So far we've dealt with simple chains and rings of carbons. But let's think about what happens when things get a little bit more complex. Let me just draw a molecule here.

We can think about how we'll name it. So let me draw it like that. So here we don't have a simple chain. It branches off at some point.

So what we do in this situation is we find the longest chain in this molecule. And let's think about what the longest chain is. If we start here, we get 1, 2, 3, 4, 5, 6, 7, 8 carbons. If we start here, we get 1, 2, 3, 4, 5, 6, 7, 8, 9 carbons. So what we do is we look at the longest chain.

The longest chain is this one right here. Let me do this in a different color. So this is 1, 2, 3. 4, 5, 6, 7, 8, 9 carbons. And so this will be kind of the core of our naming.

So it's 9 carbons. So that right here, longest chain, has 9 carbons. You can kind of view this as the backbone of our molecule and also the backbone of our naming. 9 carbons.

So we're dealing with a nonane. Remember, 9, non for 9, and then ane because we're dealing with an alkane. We have all single bonds over here. Now, what do we do with this thing over here?

Well, what's kind of sticking off of this chain? Well, we essentially have one carbon here that's attached to the chain. This carbon is bonded to a carbon on the chain. If we wanted to draw the entire molecule, we could draw a carbon here, and it would be bonded to three hydrogens.

But that is all implicit.
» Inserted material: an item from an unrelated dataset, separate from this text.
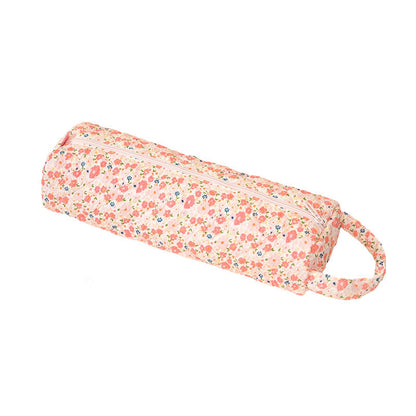 Quilted Multi‑Purpose Storage Bag, Portable Zipper Cosmetic Makeup Pouch 🎒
But what is this thing right here? Well, it's one carbon.

So you might be tempted to say it's methane. But it's not methane because it's attached to other things. But it would be right to use the prefix meth.

So this right here, you would use the prefix meth. So this is one carbon. So you would want to use the prefix meth.

But because it isn't the main chain, it is added to something else. We don't write methane, we write methyl. So let me write this right here. Methyl.

So this means that it branches off longer chain. So this molecule right here would be called, and actually there's one more thing that we have to think about. This thing could have been. We could just call it methylnonane.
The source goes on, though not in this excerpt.